Rape is not a word that slides off my tongue. It sticks in my throat like a hand gripping it, snake-like – but it does define a large part of my life. It does not define me – I do not feel that being a ‘survivor’ completely characterises who I am – but the events have changed how I think and feel about myself. I can accept that as much as humanly possible, whilst still having an anger inside me that only some combination of three prison sentences, a time machine, a copious amount of hard liquor or a complete change to the judicial process and attitude towards women could ever dissolve.

 

“It does not define me – I do not feel that being a ‘survivor’ completely characterises who I am”

 

In January I went to my first group therapy session. Near the beginning of the meeting, one of the women turned to us all and said how happy she was to be here, but devastated too, as it meant we were all linked by one thing in common and that she was so sorry for that. It took a moment for me to follow what she was saying and associate myself with the devastation she referred to, to fully comprehend that I was connected to these women in a way that I have never experienced before.

What happened in the thick line does not often enter my daily conversation, apart from with my boyfriend and occasionally my friends, but there is not a day, maybe not even an hour, that thoughts about it don’t go through my mind. Sometimes they do go through, breeze through with a fleeting image or word that makes me grimace, but a lot of the time they stick, slither and squirm their way into my consciousness. I can remember the exact look in their eyes through to the smell of their burps, and finally here was a space that I was openly acknowledging this, all the sordid details that keep me up at night.

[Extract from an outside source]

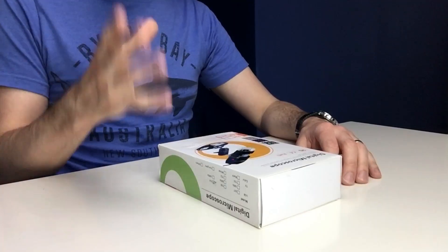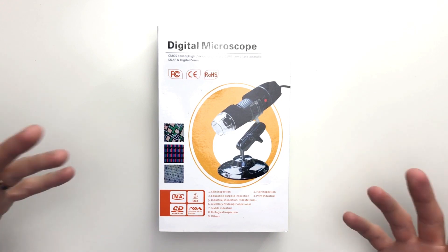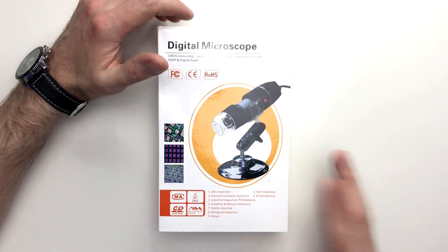Now the reason I ended up with one of these is because if you are like me and you have children, you will know that they are just extremely fascinated by the world around them, but most importantly with insects and bugs. So like any parent, I've decided to take full advantage of this interest and with one of these I'm hoping he'll be able to gain a valuable insight into just how fascinating life is at a microscopic level.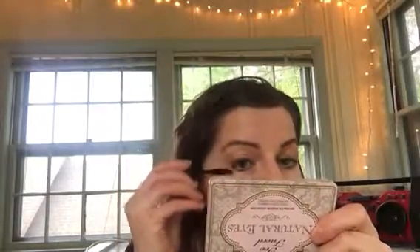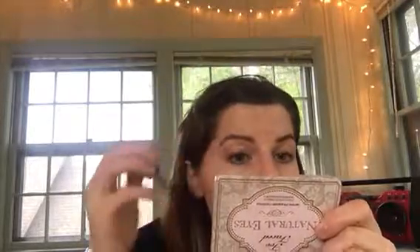Next I'm going to do my mascara. I have the Shu Uemura eyelash curler, so I'm just going to curl my eyelashes on both sides. Then I'm going to put mascara on — I have Clinique High Impact Mascara. I got this as a free sample from Sephora this year; I definitely need a new one because this is running out.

It was like being reunited with family I always knew existed somewhere, but had always remained invisible to me, bittersweet mythological creatures who could understand my experiences in a way that others can’t. It moved me in a way I haven’t felt before; it was like being acknowledged, understood, woken up with cold water. Looking at these women reflected a part of myself that was terrifying to look at: the vulnerable part that is nevertheless composed and radiating in such strength.

 

“It was like being reunited with family I always knew existed somewhere, but had always remained invisible to me”

 

So I will continue to go and be surrounded by these women who I feel a bond with, though I know little about their daily lives. And, in a small room down a small street in the middle of north London, I can now look into the eyes of myself in someone else and tell them that I’m so sorry for what happened to them. And that brings a harrowing feeling of relief.